> ACTIVITY: From the entries below, please output exactly the lines starting at the one containing "Used Hyundai ix35" and ending at the one containing "Photo #2: 6045745 Listing", both included.

> TASK INPUTS:
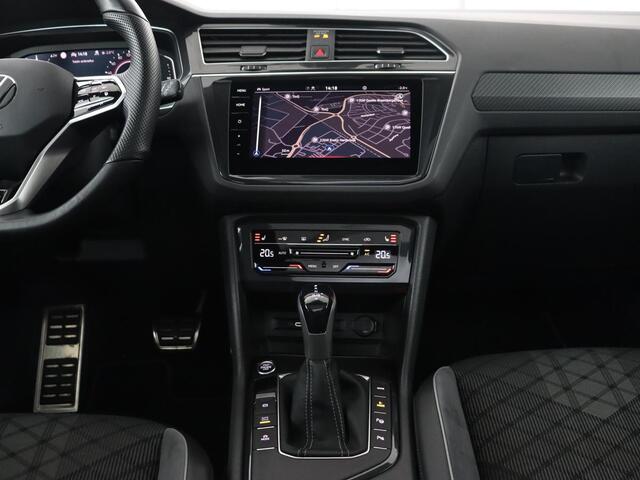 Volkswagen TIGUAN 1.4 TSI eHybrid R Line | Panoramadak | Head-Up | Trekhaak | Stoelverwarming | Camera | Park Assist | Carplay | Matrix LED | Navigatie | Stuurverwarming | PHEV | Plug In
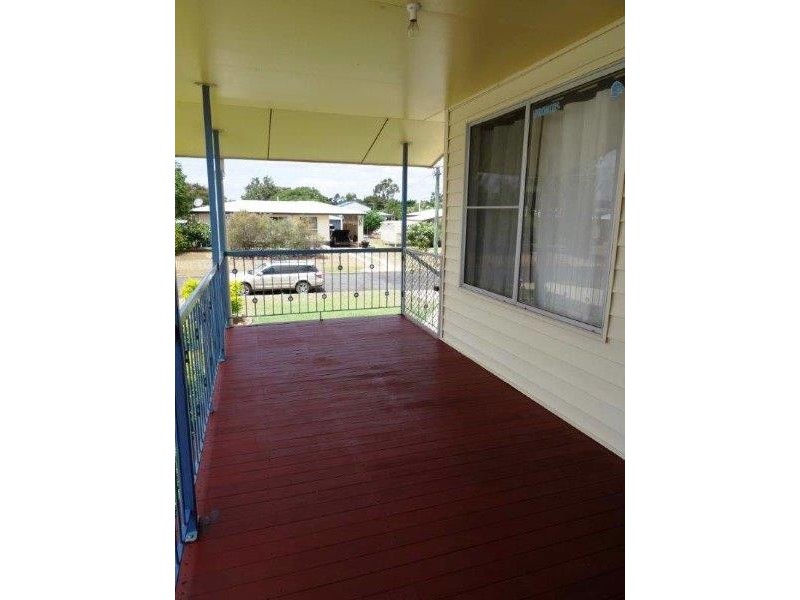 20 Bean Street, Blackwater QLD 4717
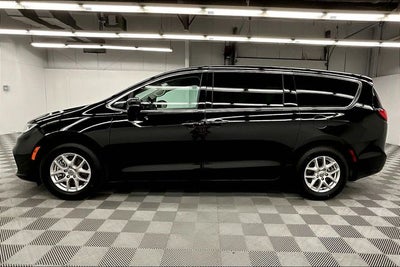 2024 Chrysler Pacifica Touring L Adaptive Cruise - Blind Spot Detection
--
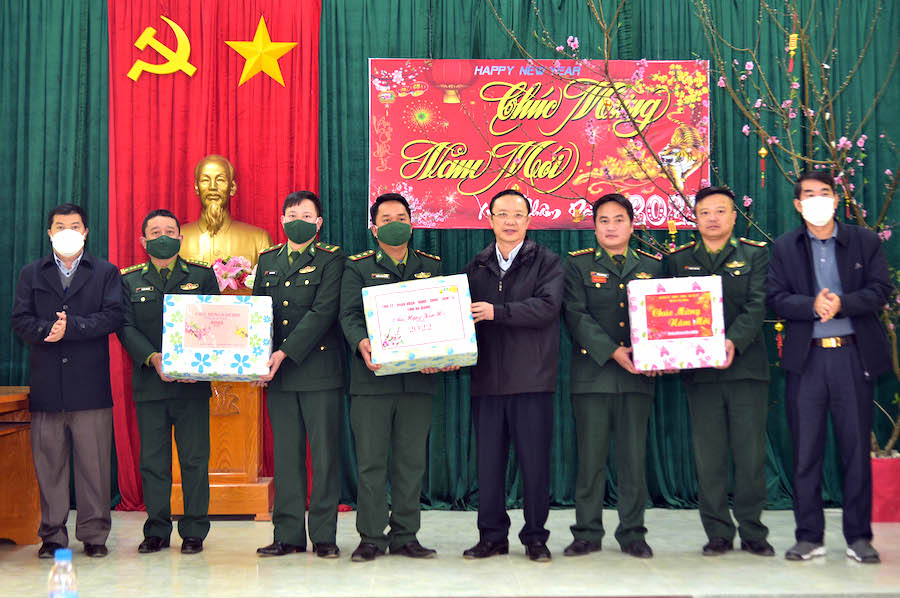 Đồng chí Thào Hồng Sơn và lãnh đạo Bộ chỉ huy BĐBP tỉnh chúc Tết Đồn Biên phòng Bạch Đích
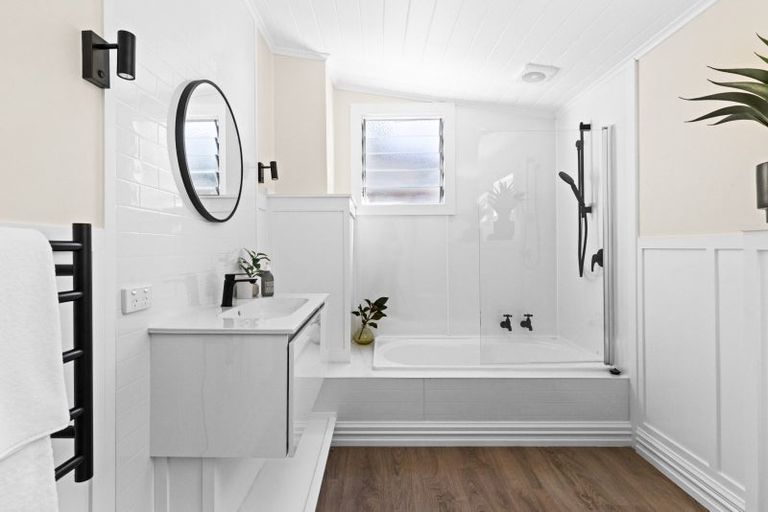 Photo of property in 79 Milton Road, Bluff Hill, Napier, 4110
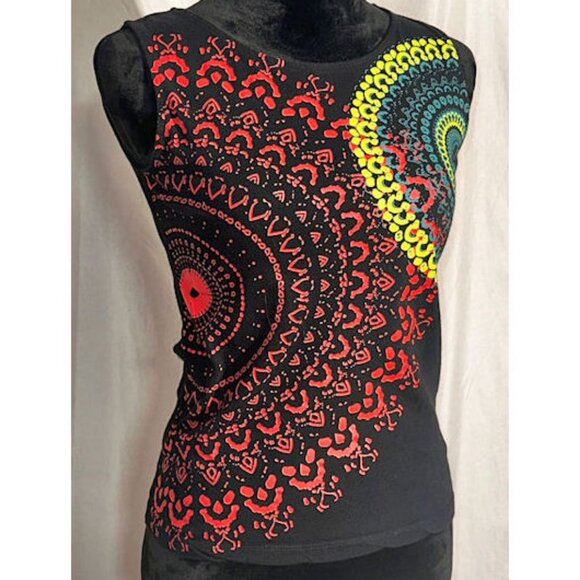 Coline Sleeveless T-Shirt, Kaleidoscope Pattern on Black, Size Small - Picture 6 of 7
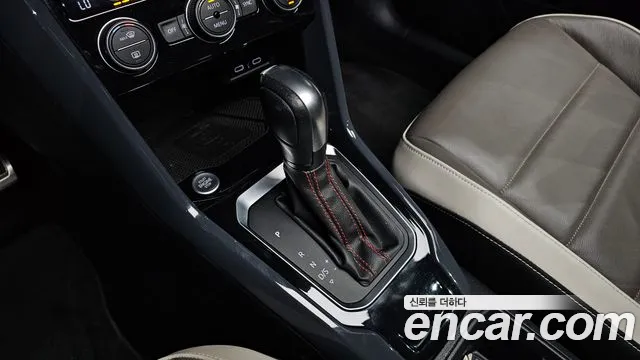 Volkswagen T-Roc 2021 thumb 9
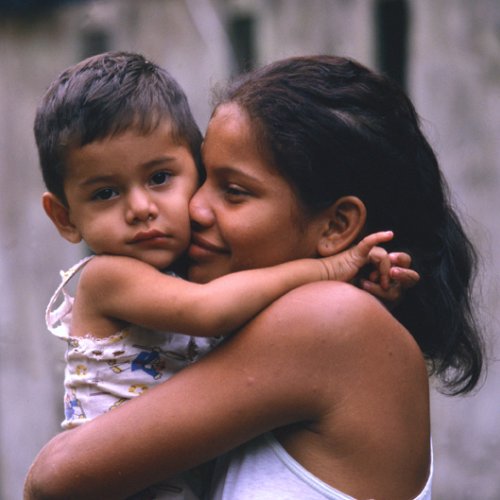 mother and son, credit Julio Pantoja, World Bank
---
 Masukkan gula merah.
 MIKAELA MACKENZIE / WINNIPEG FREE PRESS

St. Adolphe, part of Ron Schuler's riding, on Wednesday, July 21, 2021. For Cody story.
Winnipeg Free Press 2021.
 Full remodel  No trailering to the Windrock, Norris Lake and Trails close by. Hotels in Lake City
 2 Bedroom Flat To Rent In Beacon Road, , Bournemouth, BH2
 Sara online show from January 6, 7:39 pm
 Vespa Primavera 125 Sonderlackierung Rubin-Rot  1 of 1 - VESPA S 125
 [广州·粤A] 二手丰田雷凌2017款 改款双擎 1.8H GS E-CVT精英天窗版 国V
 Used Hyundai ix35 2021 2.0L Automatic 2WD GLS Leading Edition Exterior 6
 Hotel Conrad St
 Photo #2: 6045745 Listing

> SOLUTION TO THIS TASK:
 Used Hyundai ix35 2021 2.0L Automatic 2WD GLS Leading Edition Exterior 6
 Hotel Conrad St
 Photo #2: 6045745 Listing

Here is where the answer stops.